Stored items from a collection
****
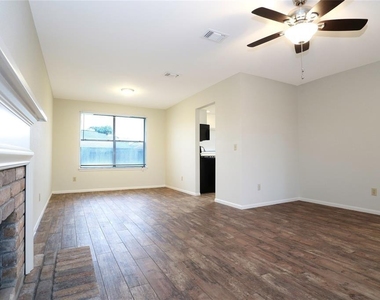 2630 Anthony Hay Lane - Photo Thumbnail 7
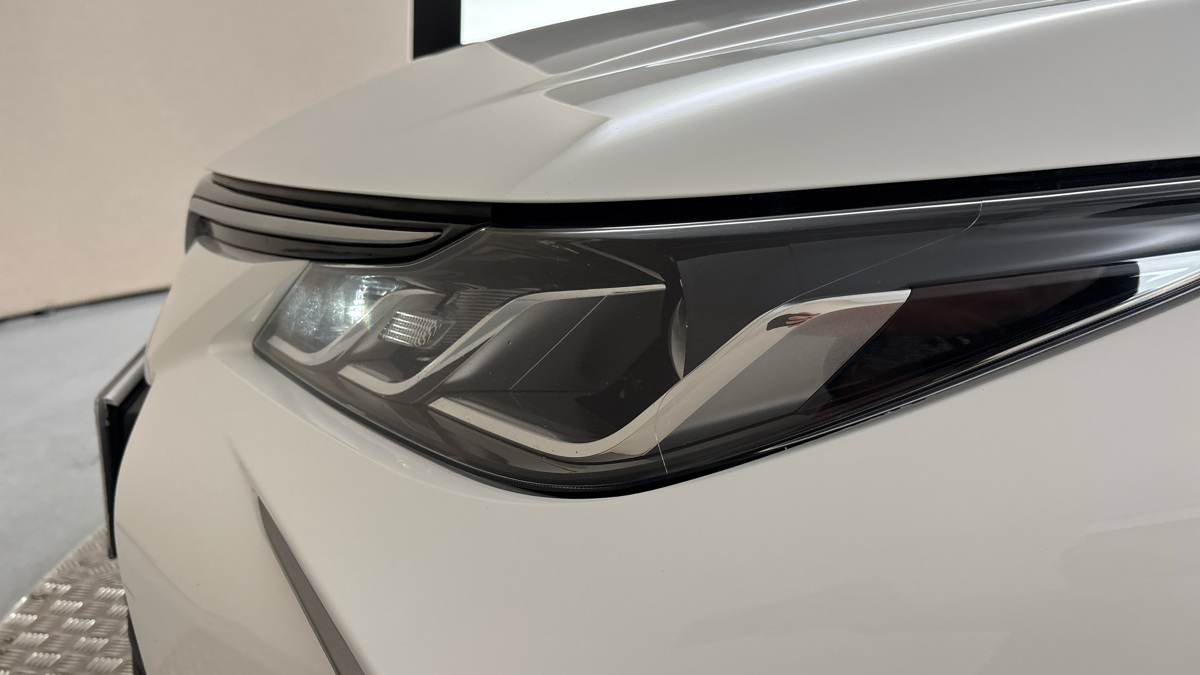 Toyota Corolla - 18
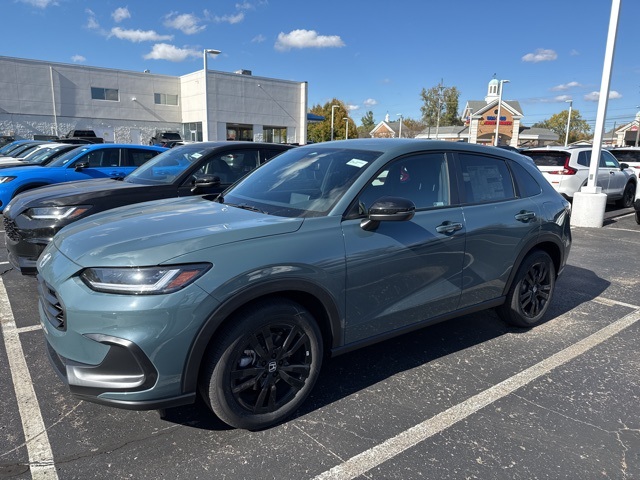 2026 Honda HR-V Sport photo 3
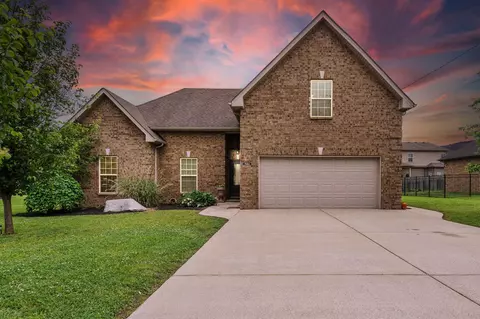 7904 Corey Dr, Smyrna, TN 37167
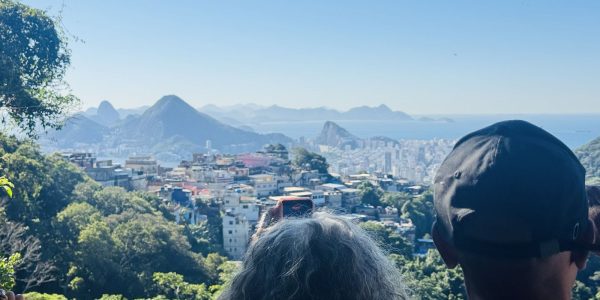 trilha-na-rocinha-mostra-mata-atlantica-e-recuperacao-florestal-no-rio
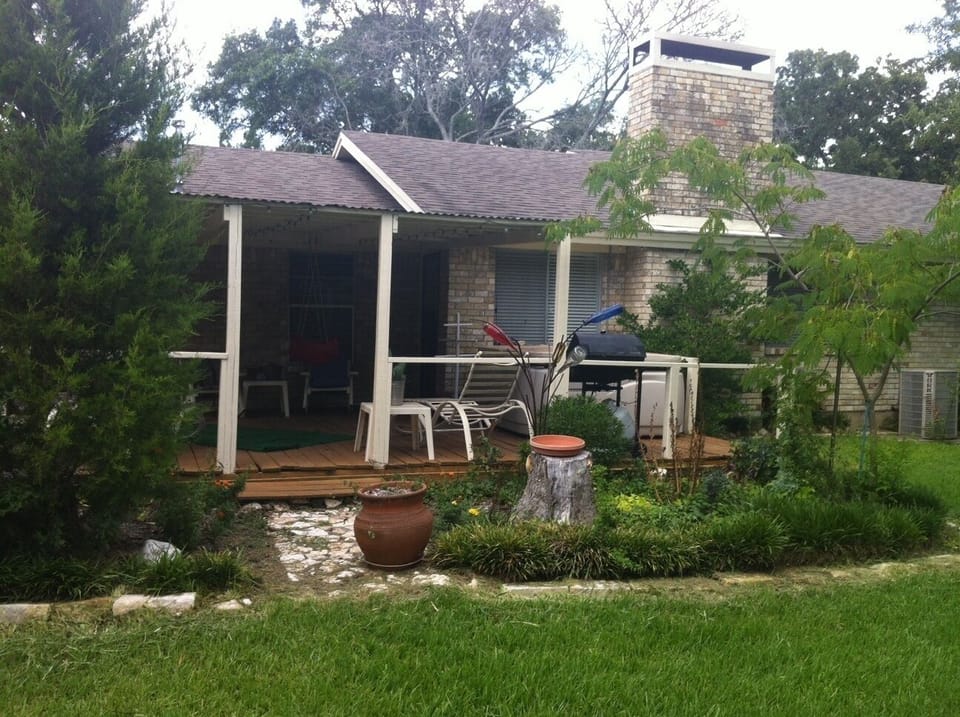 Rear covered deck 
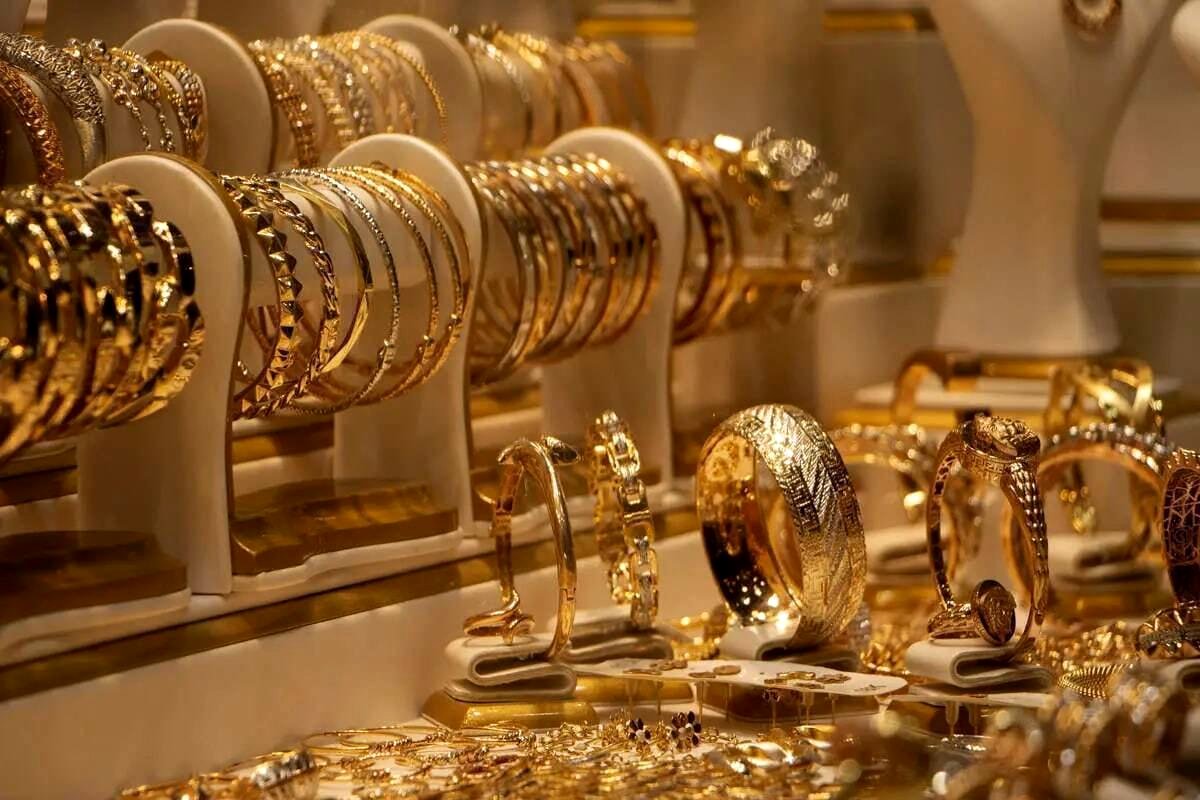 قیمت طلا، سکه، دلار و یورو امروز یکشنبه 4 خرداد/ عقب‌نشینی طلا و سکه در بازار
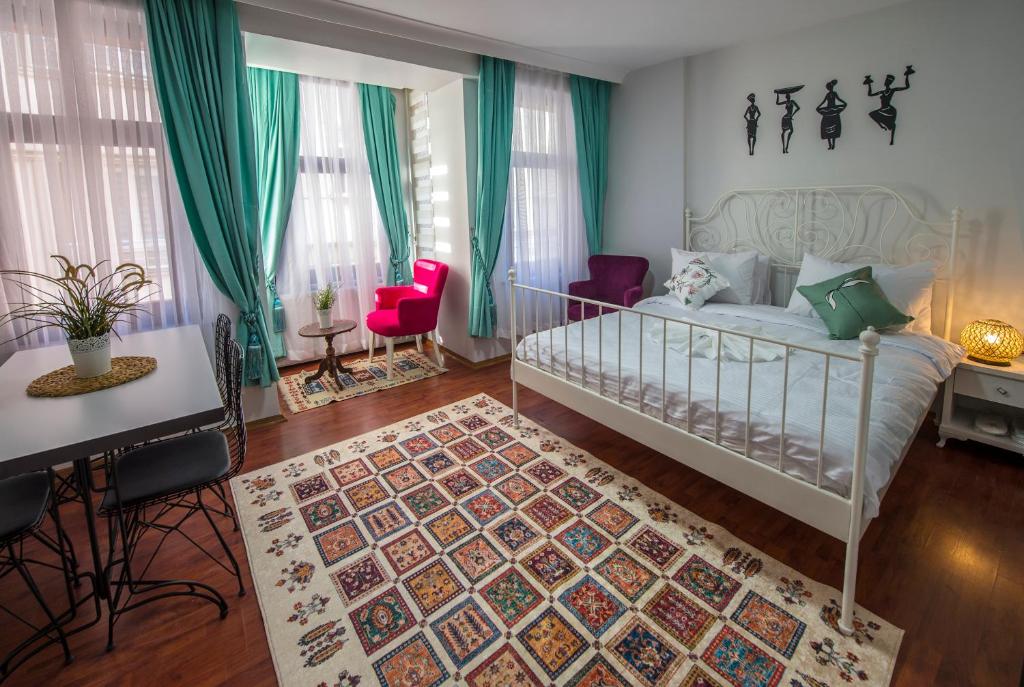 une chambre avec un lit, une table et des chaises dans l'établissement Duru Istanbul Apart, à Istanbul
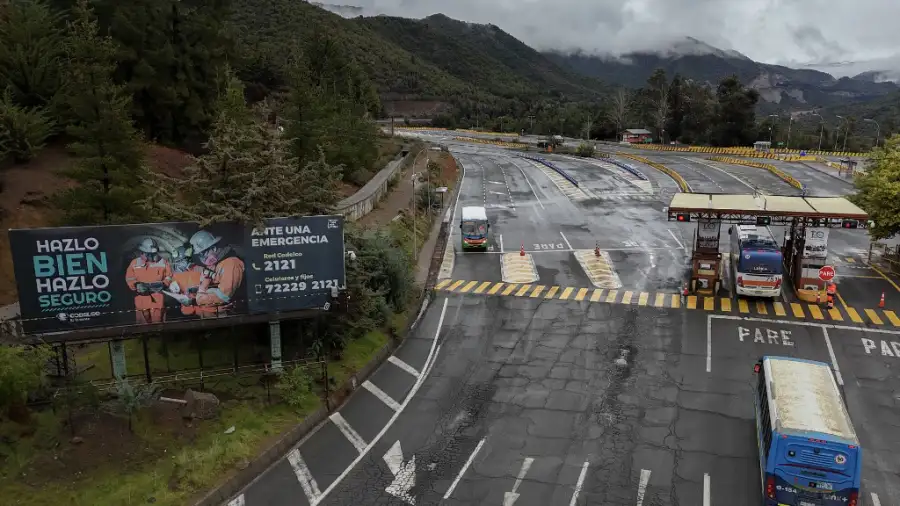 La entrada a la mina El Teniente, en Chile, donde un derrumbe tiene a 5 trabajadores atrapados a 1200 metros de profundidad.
****
-- Task to complete --
The required output is an exact copy of the lines from the one with "2026 Honda HR-V Sport photo 3" through the final line of the data above, with pictures removed.

-- Task solution --
 2026 Honda HR-V Sport photo 3
 7904 Corey Dr, Smyrna, TN 37167
 trilha-na-rocinha-mostra-mata-atlantica-e-recuperacao-florestal-no-rio
 Rear covered deck 
 قیمت طلا، سکه، دلار و یورو امروز یکشنبه 4 خرداد/ عقب‌نشینی طلا و سکه در بازار
 une chambre avec un lit, une table et des chaises dans l'établissement Duru Istanbul Apart, à Istanbul
 La entrada a la mina El Teniente, en Chile, donde un derrumbe tiene a 5 trabajadores atrapados a 1200 metros de profundidad.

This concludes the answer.